Journal of Clinical Pathology 1998;51:169-171
© 1998 Journal of Clinical Pathology


ARTICLES

A case of systemic pseudo-pseudoxanthoma elasticum with diverse symptomatology caused by long-term penicillamine use

AP Coatesworth, SJ Darnton, RM Green, RM Cayton and GN Antonakopoulos
Department of Thoracic Surgery, Birmingham Heartlands Hospital, UK.

A 47 year old man presented with a two year history of increasing cervical dysphagia, dyspnoea, and cutaneous signs. He had been diagnosed 27 years previously with Wilson's disease and was treated with penicillamine (1.5 g daily). Systemic abnormality of elastic fibres was confirmed by light and electron microscopy following biopsy of skin, lung, oesophageal muscle, gum, pharyngeal tissue, and cervical connective tissue. Dysphagia was relieved by cricopharyngeal myotomy. Substitution of trientene dihydrochloride for penicillamine relieved cutaneous and systemic manifestations.

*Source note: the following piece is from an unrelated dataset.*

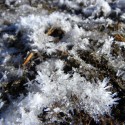 let it snow let it snow let it snow...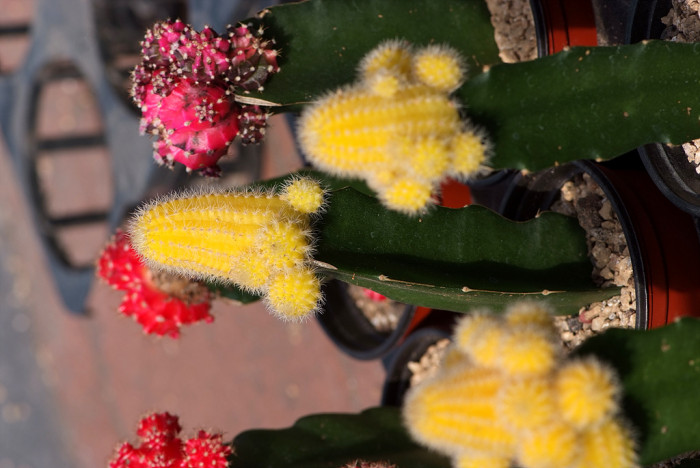 선인장 - Opuntia ficus-indica Mill.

This is possibly the first case demonstrating an association between prolonged penicillamine use and biopsy proved systemic pseudo-pseudoxanthoma elasticum. The presenting symptoms may have resulted from the abnormal numbers and properties of elastic fibres, and the changes were caused by penicillamine use, rather than by idiopathic, inherited pseudoxanthoma elasticum.